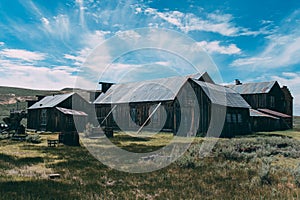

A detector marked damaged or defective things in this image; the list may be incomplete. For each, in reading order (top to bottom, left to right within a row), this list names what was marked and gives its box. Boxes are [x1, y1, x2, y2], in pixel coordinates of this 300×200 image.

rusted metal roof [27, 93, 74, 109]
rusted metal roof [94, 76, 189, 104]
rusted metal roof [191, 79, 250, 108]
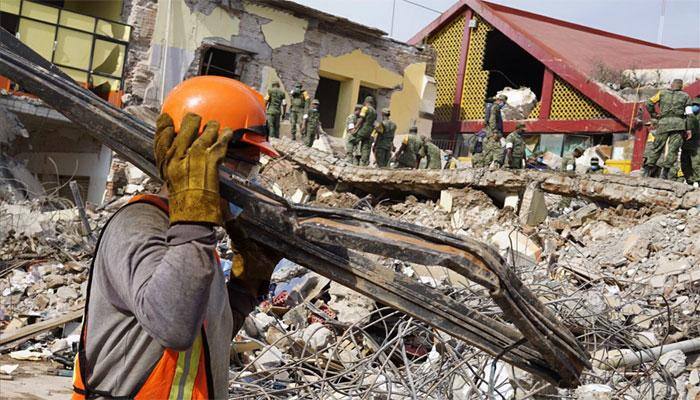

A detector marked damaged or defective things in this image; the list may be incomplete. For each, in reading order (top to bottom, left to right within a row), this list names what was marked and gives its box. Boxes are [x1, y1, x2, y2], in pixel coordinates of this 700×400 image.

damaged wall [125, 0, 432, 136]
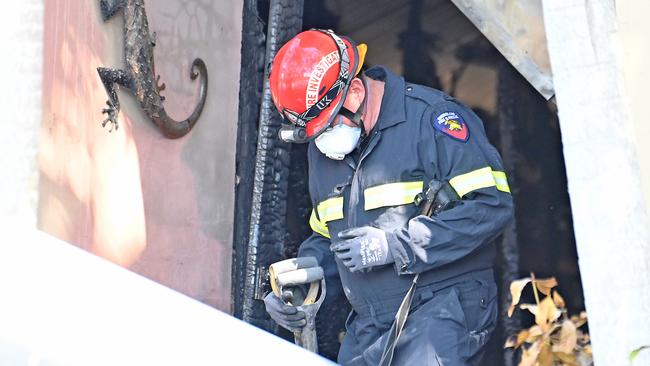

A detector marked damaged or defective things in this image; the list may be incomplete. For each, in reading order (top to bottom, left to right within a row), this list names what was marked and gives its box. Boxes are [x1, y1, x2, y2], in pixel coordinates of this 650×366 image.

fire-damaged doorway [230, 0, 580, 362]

* _Description of the task_: Output, and output only, the lines from the one containing "this 650×366 image." through the last line of the data above.

* _Reply_:
A detector marked damaged or defective things in this image; the list may be incomplete. For each, in reading order (top to bottom, left to right within a row), this list names what was marked and gives its box. Boxes are [x1, y1, x2, y2], in pixel coordinates of this 650×366 image.

fire-damaged doorway [230, 0, 580, 362]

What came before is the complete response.